Felt is used in a wide range of industries and manufacturing processes, from the automotive industry and casinos to musical instruments and home construction, as well as in gun wadding, either inside cartridges or pushed down the barrel of a muzzleloader. Felt had many uses in ancient times and continues to be widely used today.

Industrial uses
Felt is frequently used in industry as a sound or vibration damper, as a non-woven fabric for air filtration, and in machinery for cushioning and padding moving parts.

Clothing

During the 18th and 19th centuries gentlemen's headwear made from beaver felt were popular. In the early part of the 20th century, cloth felt hats, such as fedoras, trilbies and homburgs, were worn by many men in the western world. Felt is often used in footwear as boot liners, with the Russian valenki being an example.

Musical instruments
Many musical instruments use felt. It is often used as a damper. On drum cymbal stands, it protects the cymbal from cracking and ensures a clean sound. It is used to wrap bass drum strikers and timpani mallets. Felt is used extensively in pianos; for example, piano hammers are made of wool felt around a wooden core. The density and springiness of the felt is a major part of what creates a piano's tone. As the felt becomes grooved and "packed" with use and age, the tone suffers. Felt is placed under the piano keys on accordions to control touch and key noise; it is also used on the pallets to silence notes not sounded by preventing air flow. Felt is used with other instruments, particularly stringed instruments, as a damper to reduce volume or eliminate unwanted sounds.

Arts and crafts
Felt is used for framing paintings. It is laid between the slip mount and picture as a protective measure to avoid damage from rubbing to the edge of the painting. This is commonly found as a preventive measure on paintings which have already been restored or professionally framed. It is widely used to protect paintings executed on various surfaces including canvas, wood panel and copper plate.

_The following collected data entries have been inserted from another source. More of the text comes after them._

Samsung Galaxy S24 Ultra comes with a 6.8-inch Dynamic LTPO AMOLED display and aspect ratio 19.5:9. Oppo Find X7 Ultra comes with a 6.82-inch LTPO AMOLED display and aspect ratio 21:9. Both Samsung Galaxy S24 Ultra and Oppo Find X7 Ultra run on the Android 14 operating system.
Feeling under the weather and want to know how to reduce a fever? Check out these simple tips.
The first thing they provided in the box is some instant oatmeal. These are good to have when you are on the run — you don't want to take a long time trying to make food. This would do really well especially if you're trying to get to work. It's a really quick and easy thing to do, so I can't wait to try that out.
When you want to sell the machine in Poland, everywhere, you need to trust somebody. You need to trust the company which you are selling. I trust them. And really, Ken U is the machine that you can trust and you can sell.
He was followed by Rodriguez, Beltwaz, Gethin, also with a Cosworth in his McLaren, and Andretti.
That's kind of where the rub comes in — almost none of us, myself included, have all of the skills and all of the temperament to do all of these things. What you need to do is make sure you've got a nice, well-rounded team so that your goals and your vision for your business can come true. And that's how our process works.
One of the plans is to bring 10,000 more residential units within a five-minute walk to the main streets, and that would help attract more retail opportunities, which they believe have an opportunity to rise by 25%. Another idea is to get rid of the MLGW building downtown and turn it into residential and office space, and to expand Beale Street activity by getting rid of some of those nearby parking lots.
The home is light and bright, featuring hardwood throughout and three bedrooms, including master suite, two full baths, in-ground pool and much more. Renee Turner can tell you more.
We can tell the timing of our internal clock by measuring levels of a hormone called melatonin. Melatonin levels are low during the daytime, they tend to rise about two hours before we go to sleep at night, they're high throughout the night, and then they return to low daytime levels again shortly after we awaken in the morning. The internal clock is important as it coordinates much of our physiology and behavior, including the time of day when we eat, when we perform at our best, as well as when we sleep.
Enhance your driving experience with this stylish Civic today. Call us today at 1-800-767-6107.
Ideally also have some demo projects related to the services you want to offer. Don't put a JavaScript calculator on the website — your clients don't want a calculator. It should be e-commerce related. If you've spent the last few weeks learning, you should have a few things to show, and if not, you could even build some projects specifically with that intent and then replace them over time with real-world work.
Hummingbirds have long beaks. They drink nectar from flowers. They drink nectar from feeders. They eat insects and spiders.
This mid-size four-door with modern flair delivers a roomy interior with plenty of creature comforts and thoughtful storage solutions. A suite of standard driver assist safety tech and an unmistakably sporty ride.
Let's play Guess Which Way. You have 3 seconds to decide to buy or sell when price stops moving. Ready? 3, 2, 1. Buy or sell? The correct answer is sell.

A felt-covered board can be used in storytelling to small children. Small felt cutouts or figures of animals, people, or other objects will adhere to a felt board, and in the process of telling the story, the storyteller also acts it out on the board with the animals or people. Puppets can also be made with felt. The best known example of felt puppets are Jim Henson's Muppets. Felt pressed dolls, such as Lenci dolls, were very popular in the nineteenth century and just after World War I.

As part of the overall renewal of interest in textile and fiber arts, beginning in the 1970s and continuing through today, felt has experienced a strong revival in interest, including its historical roots. Polly Stirling, a fiber artist from New South Wales, Australia, is commonly associated with the development of nuno felting, a key technique for contemporary art felting. German artist Joseph Beuys prominently integrates felt within his works. English artist Jenny Cowern shifted from traditional drawing and painting media into using felt as her primary media.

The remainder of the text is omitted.